The OTHER Santa Barbara Oil Spill and the Birth of Environmentalism

The OTHER Santa Barbara Oil Spill and the Birth of Environmentalism
Published: 21 May, 2015
2 min read

This week we were treated to another oil spill that will cost millions to clean up and endanger many different species of marine wildlife. A pipe that was installed in 1987 burst close to Refugio State Beach in south Santa Barbara, spilling around 100,000 gallons of crude oil into the surrounding waters. California Governor Jerry Brown has since declared a state of emergency in Santa Barbara County and crews have set up blockades that are designed to contain two visible oil slicks.

What is interesting about this relatively small incident is that it comes nearly 46 years after another Santa Barbara oil spill that sparked the modern day environmental movement.
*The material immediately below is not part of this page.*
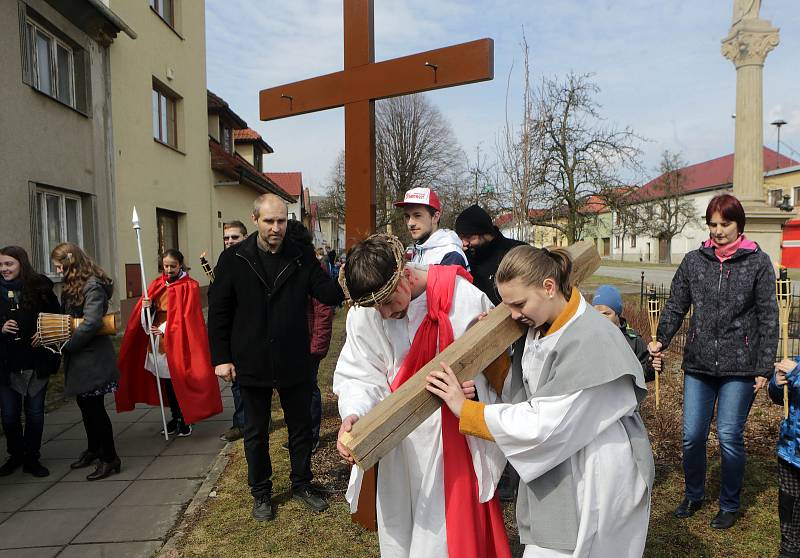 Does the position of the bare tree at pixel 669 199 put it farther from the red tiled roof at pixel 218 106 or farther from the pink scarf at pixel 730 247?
the pink scarf at pixel 730 247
A new article in Vox describes how the Santa Barbara spill of 1969 was the first oil spill to captivate a national audience.

The spill began on January 28, 1969, after a blowout on Union Oil's Platform A — located offshore in the Santa Barbara channel. It took 10 days to plug the leak with cement, and in the interim, up to 4.2 million gallons of crude oil had spilled out.

To add a little perspective, let me ask a question. Have you ever been to Santa Barbara? No!?!? Well its just about the best place ever. I'm serious. They don't call it the American Riviera for no reason.

So when oil slicks encroach on breathtaking views of the California coastline, people will notice and get angry. The spill of 1969 was the first time the national spotlight fixated on an environmental crisis and cast a major oil company as the villain.

The combination of the Santa Barbara oil spill, Ohio's famously polluted Cayuhoga River catching fire, and Rachel Carson's book, Silent Spring, a work that detailed the effect DDT had on birds, was a huge shock to the American conscience. So much so that people started to organize and get angry.

In reaction to the spill, people lit their gas credits on fire, the California Legislature put a moratorium on all new offshore drilling platforms, and in 1970 Congress passed the National Environmental Protection Act, an ordinance that required corporations to consider the environmental impacts of any new projects they were undertaking. A few months later, Nixon singed an executive order that created the EPA.

Since then, our passion for environmental protections has subsided but our environmental accidents have not. Maybe the events in Santa Barbara will inspire new reflection amongst elected officials about how best to mitigate the impact that we have on the environment..... Ha ha, no of course it won't. Yet it is interesting that at one point in our modern history, we had legislators who were able to quickly react to legitimate issues that effected our natural resources.